Despite the problems with using a sixth order fit, I’ve decided to work out the calculations and compute the area under the curve, both under the measured data and unser the calculated data based on the fit.
The Experimental Data
The measured data is shown in the table below. This represents the force needed to move a surface closer to a particular molecule starting at a distance of 1.22 (which is asymptotically close enough to infinity that we assume a force of zero). The units of force and distance are not stated, but it doesn’t matter for this exercise. As the surface approaches the molecule, the force increases, until it is close enough to start to distort the molecule, at which point the force tops out and even decreases at the closest measurement.
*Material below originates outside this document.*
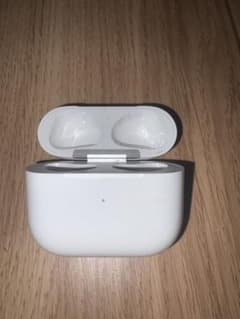 寿司の間の葉っぱさん専用 Apple AirPods 第3世代 | Mercari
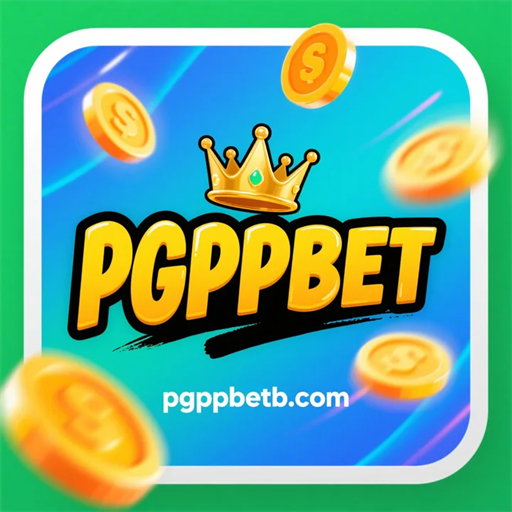 pgppbet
Here’s a plot of the data.
When I first saw the data, I mentioned to the reader that there appeared to be a bump in the curve near the bottom. I’ve zoomed in on this region below. The curve coming from the upper left doesn’t match up with the curve coming from the lower right, resulting in a zig-zag at about X=0.95.
To me this means there may be some slippage in the mechanism that moves the surface, or some other experimental inconsistency. I would think that the actual curve would look like the dotted line below. If it were my experiment I would repeat the measurements, but the exercise below was performed on the unmodified data.
The Trendline
I added a 6th order polynomial trendline to the data. Then, since trendlines are bold black lines that blast your eyes and obscure the data being fitted, I formatted the fitted curve as a thin red line. For most of the range of data the trendline fits pretty closely to the measured data, and the R² value of 0.9996 is very close to a perfect 1.0.
Near the top of the data, the trendline is not very accurate, overshooting the maximum of the measured data, then overcompensating for the decline in the last point.
The fit at the opposite end also isn’t very good. The red line careens back and forth like an out-of-control bobsled trying to hold a line. Note how the trendline is thrown off by the discontinuity I remarked about earlier. The trendline actually reaches a local minimum at about X=1.15, then a local maximum at about X=1.20, before continuing downward, but not quite to zero.
These deviations of the trendline from the measurements, particularly the serpentine behavior at the lower end of the data, illustrates the problem with high order polynomial fits. There’s really not a physical basis for choosing such a fit; it’s simply convenient and gives a high R². Of course, a high R² is not the only reason to select a particular mathematical model, and does not by itself mean the model is a good one. You have to decide whether you think the selected model or the actual measurements know more about your data.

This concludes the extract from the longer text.